How to webscrape image src's from Brave Browser

Question:

I’m trying to get a list of the src values and the source code from a https://search.brave.com/images?q= image search. I don’t really know the problem, because the code works on other sites. Below can you see the code and the html tag that I’m trying to webscrape.

url = "https://search.brave.com/images?q=lfc"
r = requests.get(url)
content = r.content
soup = BeautifulSoup(content, "html.parser")

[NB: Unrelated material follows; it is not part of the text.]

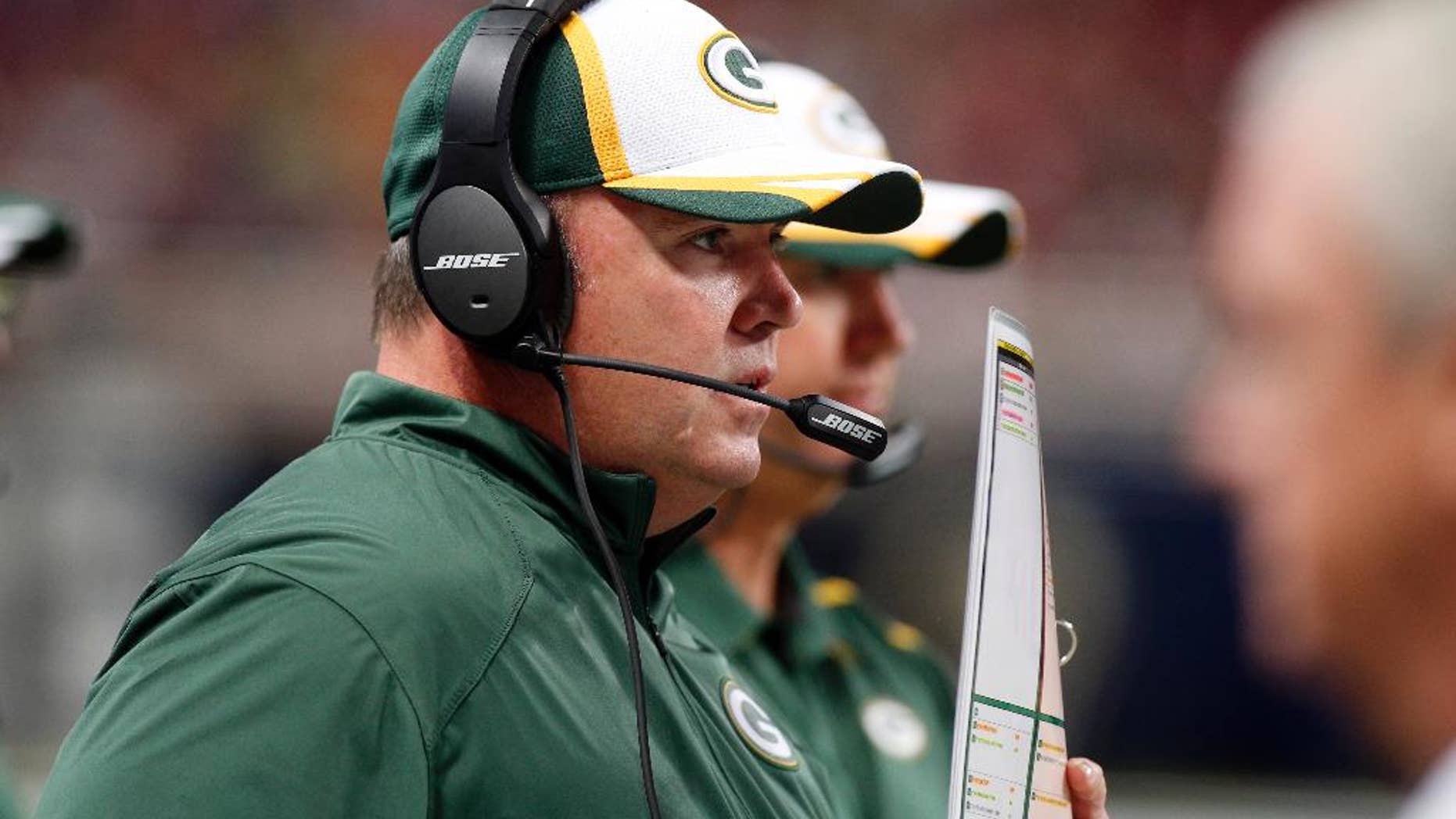 FILE - In this Aug. 16, 2014, file photo, Green Bay Packers head coach Mike McCarthy watches from the sidelines during the first quarter of an NFL preseason football game against the St. Louis Rams in St. Louis. The injury bug has hit the Packers again with two starters going down, but coach McCarthy has vowed to move forward.(AP Photo/Scott Kane, File)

print("n 1) Insert into .txtn")
fp = urllib.request.urlopen(url)
mybytes = fp.read()
mystr = mybytes.decode("utf8")
fp.close()
with open("txt.txt", "w") as textFile:
    textFile.write(mystr)

print("n 2) Check if src == true n")
with open('txt.txt') as f:
    if 'src' in f.read():
        print(" 2) True n")

print(" 3) Find All Img")
anchors = soup.find_all('img')
all_links = set()
with open("imgUrls.txt", "w") as textFile_1:
    for link in anchors:
        if(link.get('src') != '#'): 
            linkText = url+str(link.get('src'))
            all_links.add(link)
            print(linkText)
            textFile_1.writelines(linkText+'n')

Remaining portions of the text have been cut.